The data below should be transcribed in full, with no picture included.

Image-caption web data:

*** Block opens ***

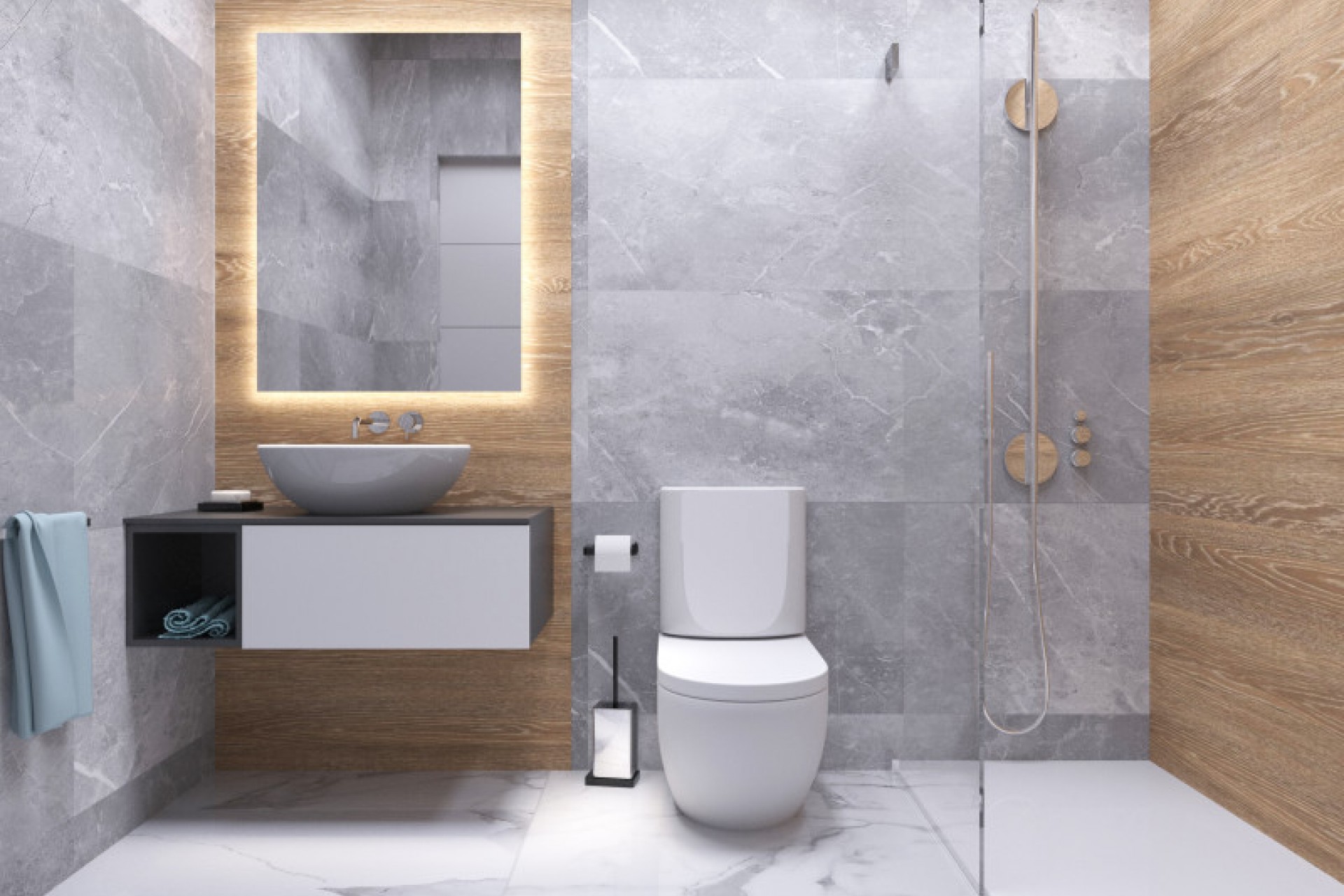 Nouvelle construction - Villas - Rojales - 03170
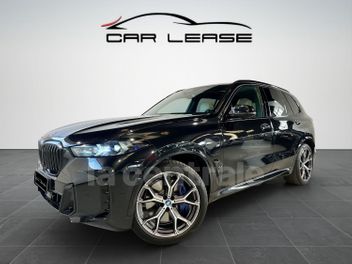 BMW X5 G05 (G05) XDRIVE50E 489 M SPORT BVA8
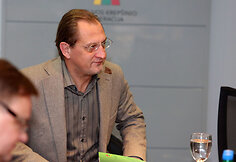 Mindaugas Plūkas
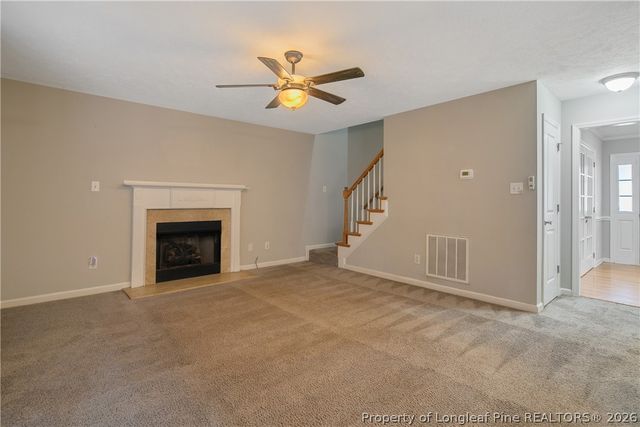 2451 Canford Lane, Fayetteville, NC 28304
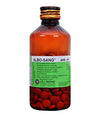 J & J Dechane Albo Sang - 300 Tabs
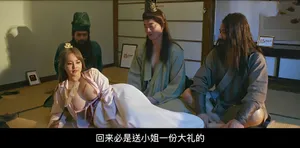 sex doggy heo vl
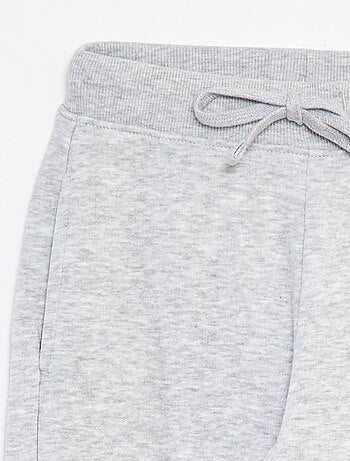 Pantalón de jogging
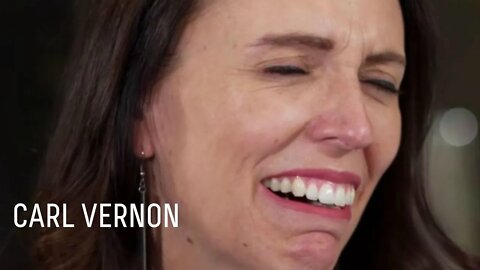 You won’t believe this…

*** Block closes ***

● Result of this exercise
 Nouvelle construction - Villas - Rojales - 03170
 BMW X5 G05 (G05) XDRIVE50E 489 M SPORT BVA8
 Mindaugas Plūkas
 2451 Canford Lane, Fayetteville, NC 28304
 J & J Dechane Albo Sang - 300 Tabs
 sex doggy heo vl
 Pantalón de jogging
 You won’t believe this…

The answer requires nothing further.